Pumpkin Sourdough Muffins
Using sourdough discard makes these pumpkin muffins extra moist and adds a lovely, subtle tang. They are a wonderful way to use up your sourdough starter.
Key Ingredients & Tips for Sourdough Pumpkin Muffins
- Sourdough Discard: Use unfed sourdough discard straight from the fridge for a slight tang and a wonderfully tender muffin crumb.
- Brown Sugar Boost: Combining brown sugar with your other ingredients gives these muffins a balanced sweetness and helps maintain their moisture.

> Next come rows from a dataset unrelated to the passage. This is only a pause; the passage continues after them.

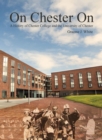 On Chester on : A History of Chester College and the University of Chester - Book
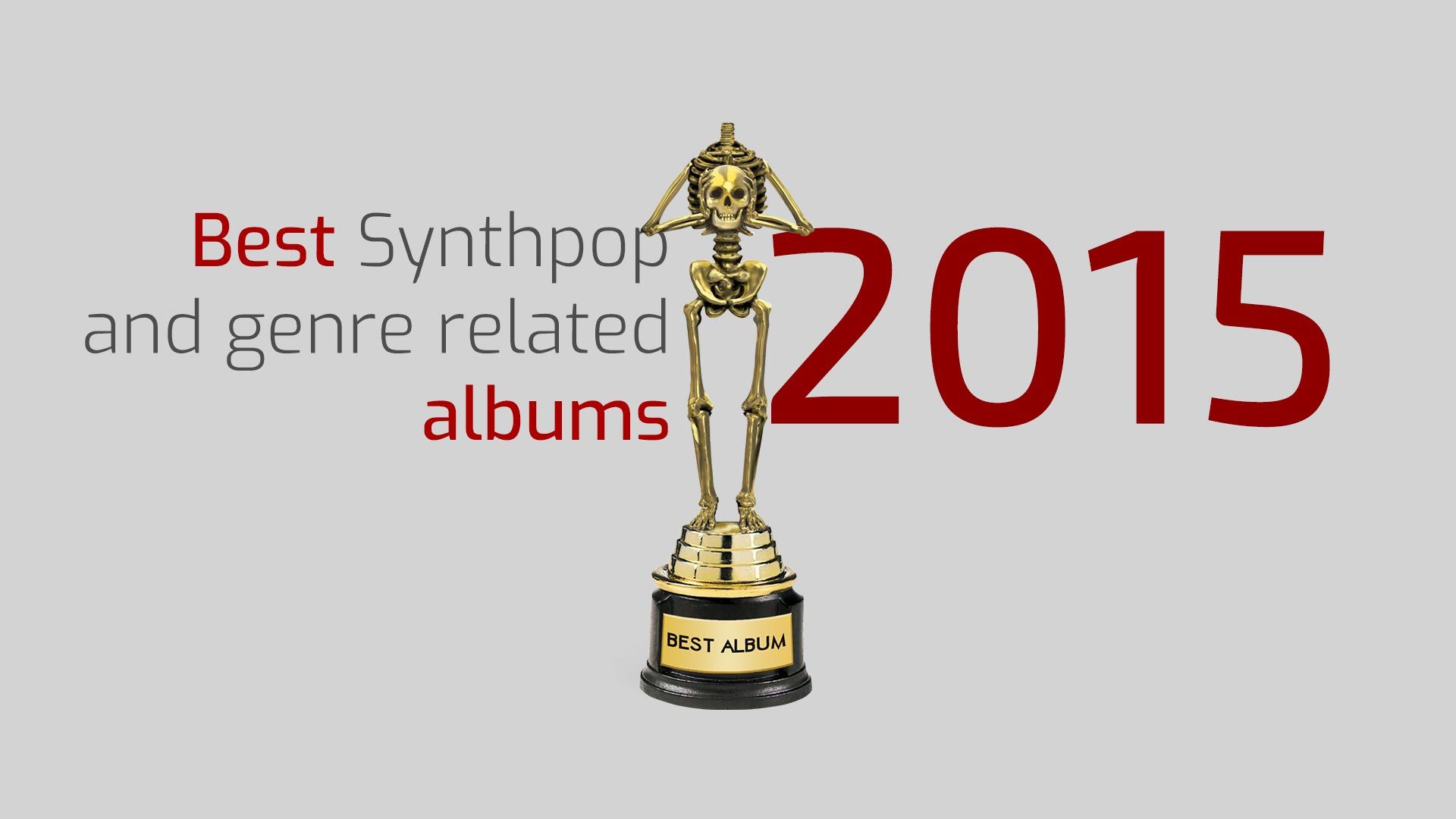 The best Synth Pop and genre-related albums 2015 Best albums 2015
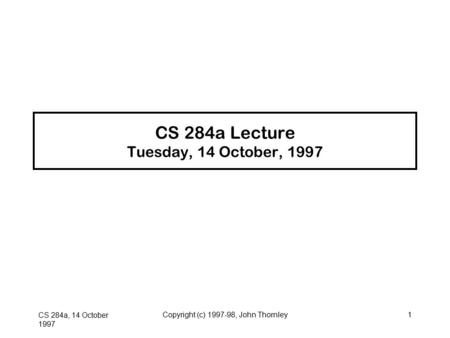 CS 284a, 14 October 1997 Copyright (c) 1997-98, John Thornley1 CS 284a Lecture Tuesday, 14 October, 1997.
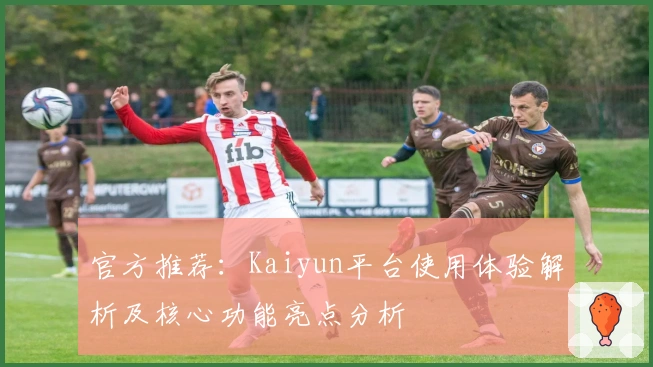 官方推荐:Kaiyun平台使用体验解析及核心功能亮点分析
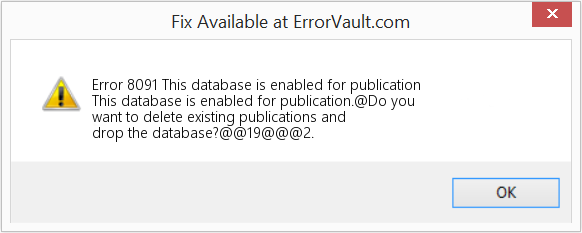 Fix This database is enabled for publication (Error Code 8091)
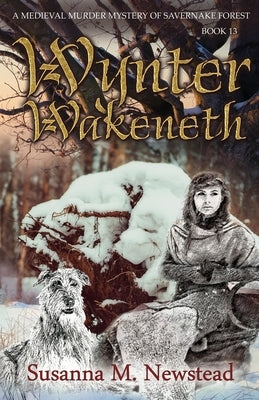 Wynter Wakeneth: Medieval Murder Mystery of Savernake Forest Book 13 by Newstead, Susanna M.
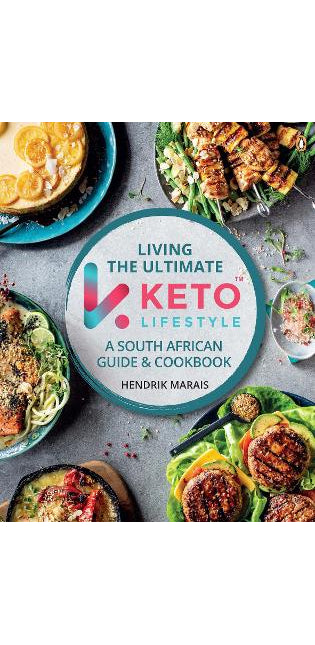 Living the Ultimate Keto Lifestyle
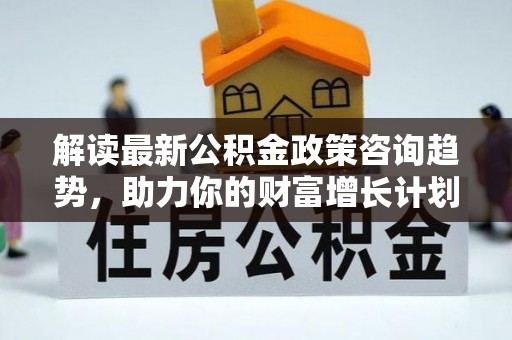 靖远解读最新公积金政策咨询趋势，助力你的财富增长计划
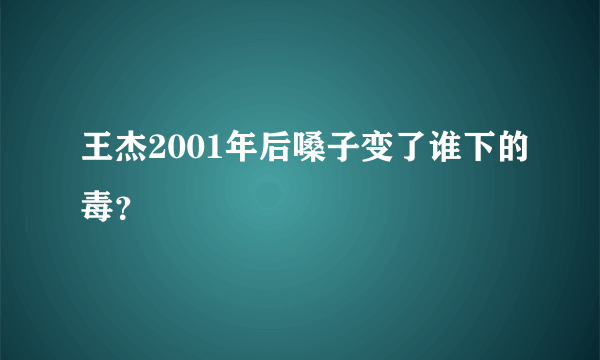 王杰2001年后嗓子变了谁下的毒？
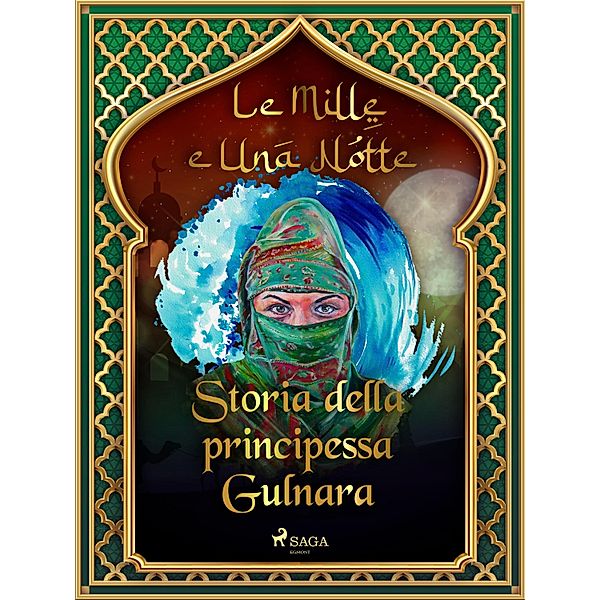 Storia della principessa Gulnara (Le Mille e Una Notte 46) / Le Mille e Una Notte Bd.46, One Thousand and One Nights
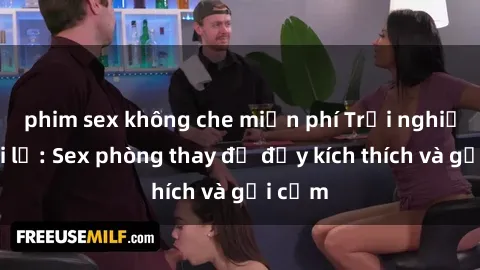 phim sex không che miễn phí Trải nghiệm mới lạ: Sex phòng thay đồ đầy kích thích và gợi cảm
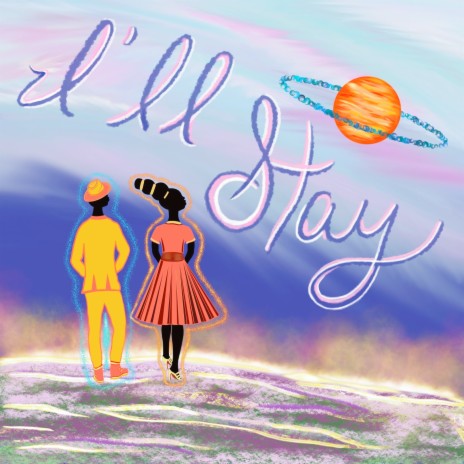 I'll Stay | Boomplay Music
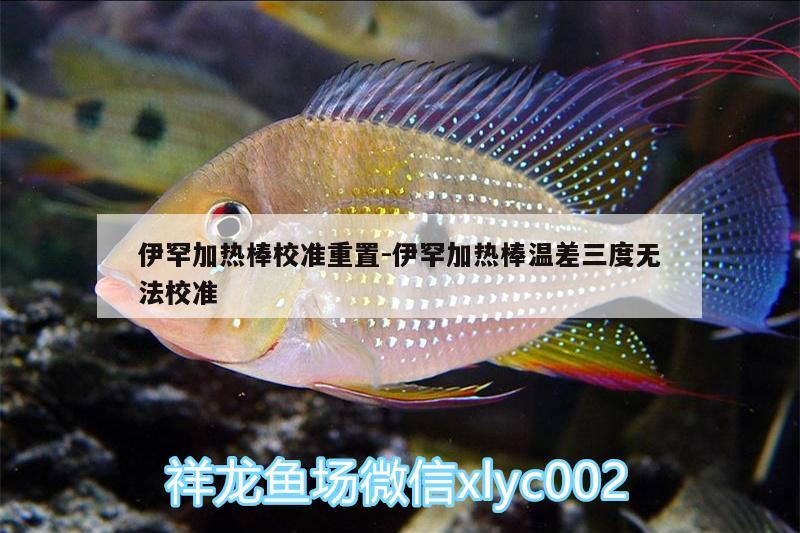 伊罕加热棒校准重置:伊罕加热棒温差三度无法校准 伊罕水族 第2张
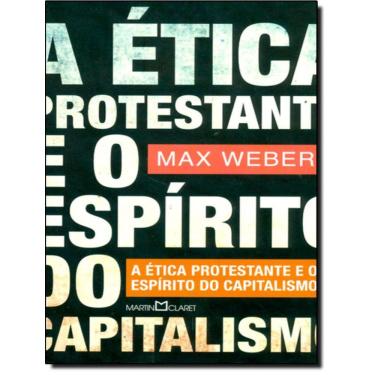 Imagem de Etica Protestante E O Espirito Do Capitalismo, A - Nova Edicao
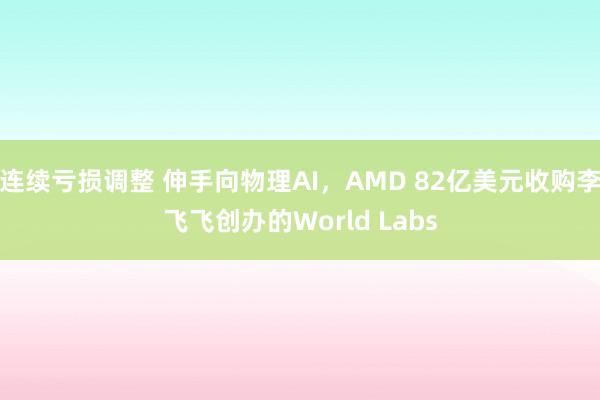 连续亏损调整 伸手向物理AI，AMD 82亿美元收购李飞飞创办的World Labs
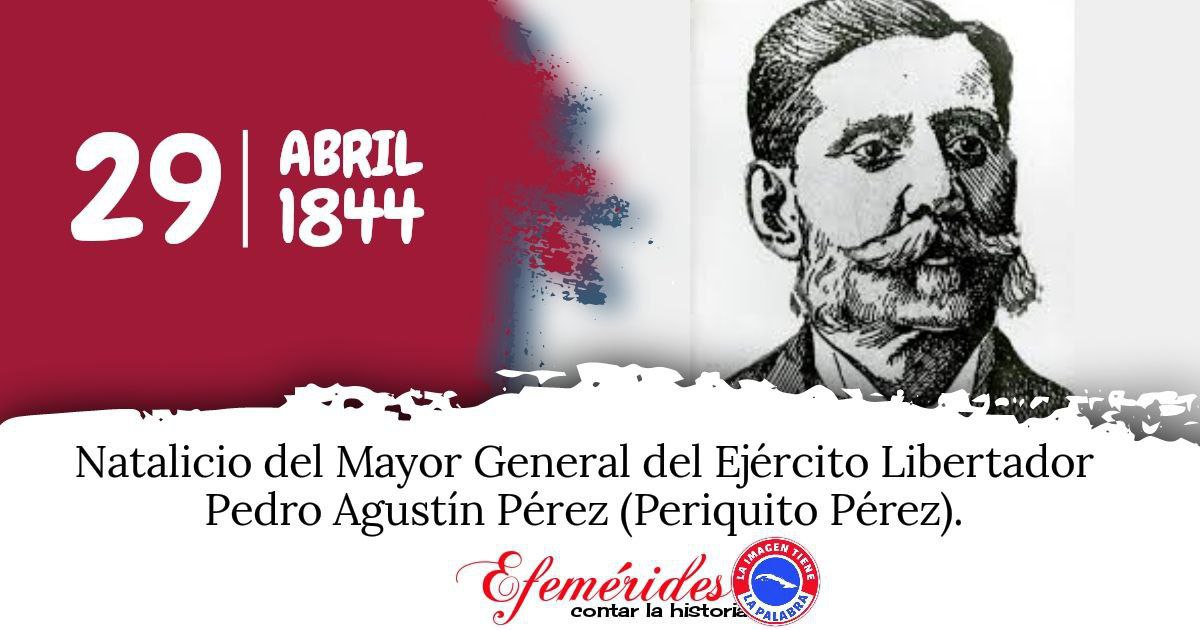 Pedro Agustín Pérez Pérez, más conocido como Periquito Pérez (20 de abril de 1844, Tiguabos, provincia de Guantánamo - 13 de abril de 1914, Boca de Jaibo, provincia de Guantánamo), fue un militar y político cubano.
#CubaViveEnSuHistiria 
#JuventudDeAcero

What You Need for Pumpkin Sourdough Muffins
- 1 ½ cups all-purpose flour
- 1 tsp pumpkin pie spice
- ½ tsp baking soda
- ¼ tsp salt
- ¾ cup pumpkin puree
- ½ cup sourdough discard (unfed)
- ½ cup packed brown sugar
- ¼ cup granulated sugar
- ⅓ cup vegetable oil
- 1 large egg
- ½ tsp vanilla extract
⏱️ Time: 40 minutes🍽️ Yields: 12 muffins
How to Make Pumpkin Sourdough Muffins
Step 1: Combine Wet Ingredients
Preheat your oven to 375°F (190°C) and line a 12-cup muffin tin. In a large bowl, mix the pumpkin puree, sourdough discard, brown sugar, granulated sugar, vegetable oil, egg, and vanilla extract. Stir until everything is smooth and well blended.
Step 2: Add Dry and Bake
In a separate medium bowl, whisk together the flour, pumpkin pie spice, baking soda, and salt. Add the dry ingredients to the wet ingredients, mixing gently until just combined. Be careful not to overmix. Spoon the batter evenly into the prepared muffin liners, filling them about two-thirds full. Bake for 20-25 minutes, or until a toothpick comes out clean.
📝 Final Note on Enjoyment
These muffins are best enjoyed warm from the oven, but they also store well in an airtight container at room temperature for up to 4 days.